A instabilidade está para durar na bolsa portuguesa. Os analistas contactados pelo Diário Económico esperam que enquanto a crise de dívida soberana não acalmar, dificilmente se normalizará o desempenho das acções nacionais. E as perspectivas para a dívida nacional são cautelosas, principalmente depois da revisão em baixa do ‘rating' da República por parte da Standard & Poor's. "Os mercados têm revelado uma turbulência muito significativa no que se refere à dívida portuguesa e, pelo contrário, acho que uma notícia destas não vai serenar os mercados, que vão continuar a manifestar essa turbulência e esse nervosismo", disse ontem o ministro das Finanças, citado pela Lusa.

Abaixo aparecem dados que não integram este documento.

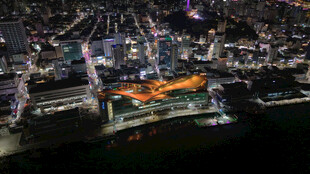 城市夜景桥梁景观
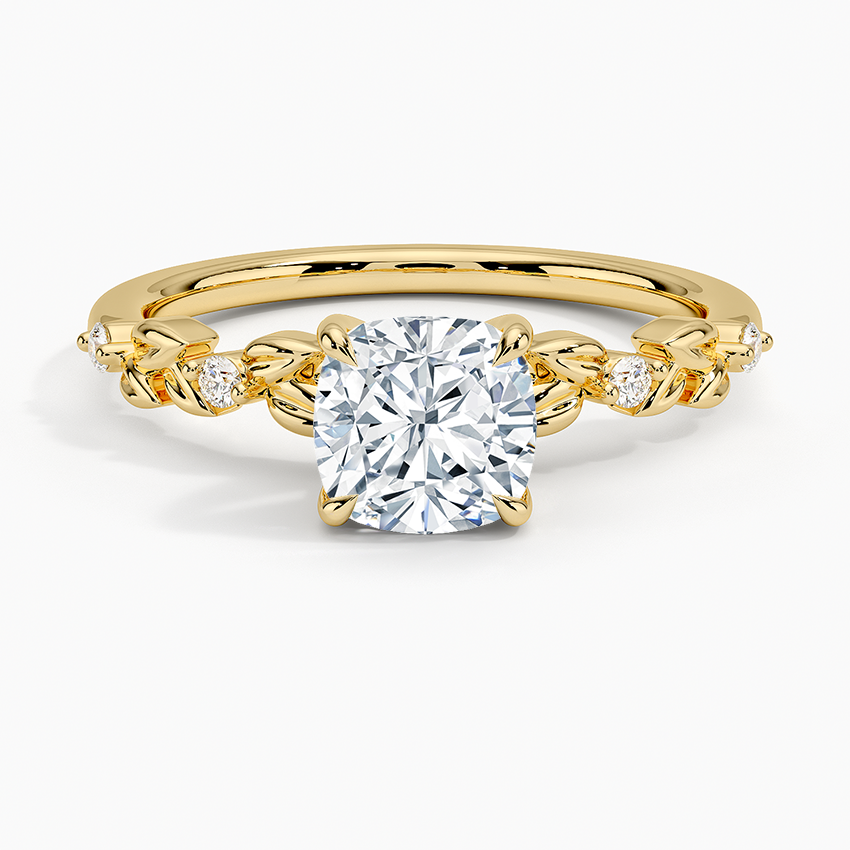 Briar Diamond Ring Yellow Gold 18k Cushion Engagement Ring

As preocupações são partilhadas pelos especialistas. "O corte de duas graduações pela principal agência de ‘rating' mundial é um alarme bastante significativo para o mercado da dívida soberana e a pressão que já se verificava na dívida pública portuguesa é provável que se mantenha", defendeu o corretor da GoBulling, Paulo Rosa, ao Diário Económico. Caso esta perspectiva se concretize, as notícias não são animadoras, já que "o tiro de partida para uma reviravolta nas acções será o acalmar dos medos dos investidores relativamente a um ‘default' soberano", explicou o responsável pela análise de acções do HSBC, Robert Parkes.

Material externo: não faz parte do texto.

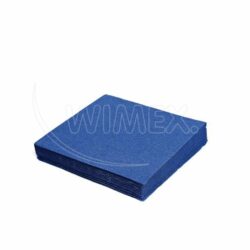 Tovagliolo (PAP FSC Mix) a 1 velo blu scuro 33 x 33 cm [100 pz]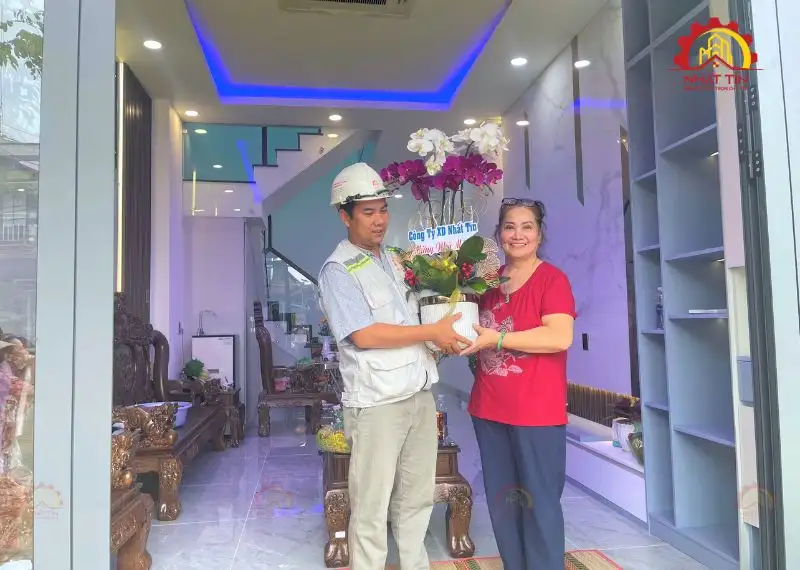 Nghiệm thu và bàn giao nhà cho cô Sáu Cần Thơ Xây dựng Nhất Tín 1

Analistas antecipam "pressão vendedora"
O problema para a bolsa portuguesa é que agora o foco no mercado vai centrar-se nas notícias que envolvem a situação da dívida nacional, depois do país ter feito as manchetes na imprensa internacional e de ser escrutinado pelos economistas das maiores casas de investimento.
Por um lado, Paulo Rosa refere que poderá haver um aumento da ansiedade "perante um ajuste que outras casas de ‘rating' como a Fitch, e a Moody's possam vir a efectuar". Por outro, há a esperança de que as autoridades europeias consigam refrear os ânimos dos investidores. "Nos próximos dias as cotações dependerão da tomada de posições fortes e credíveis por parte dos responsáveis do Eurogrupo, ou o anúncio de Portugal que tem assegurado o seu financiamento para um período longo. Enquanto essas posições não aparecerem, a pressão deverá continuar", defende o economista da IMF, Filipe Garcia.
Medidos os prós e os contras os analistas não estão muito optimistas quanto ao desempenho das acções nacionais nos próximos tempos. "Antecipamos a manutenção da pressão vendedora", refere o analista do BancoBIC, Frederico Antão. E o motivo é simples e o mesmo que tem assolado os mercados nas últimas semanas: "No contexto actual, comprar Portugal e Grécia é uma aposta que é percebida como arriscada", observa Filipe Garcia.
E o que aconselham os profissionais numa altura em que os nervos estão à flor da pele e a incerteza é um denominador comum? "Neste momento o investidor deve ser bastante cauteloso e criterioso na sua recompra. A sua entrada no mercado deverá ser escalonada, sempre atento a todos os sinais que forem surgindo", explica o corretor da GoBulling. Para os investidores com exposição ao mercado accionista, mas com um perfil de risco conservador, convém estar sempre atento aos objectivos e horizontes temporais de investimento, não esquecendo a diversificação das carteiras.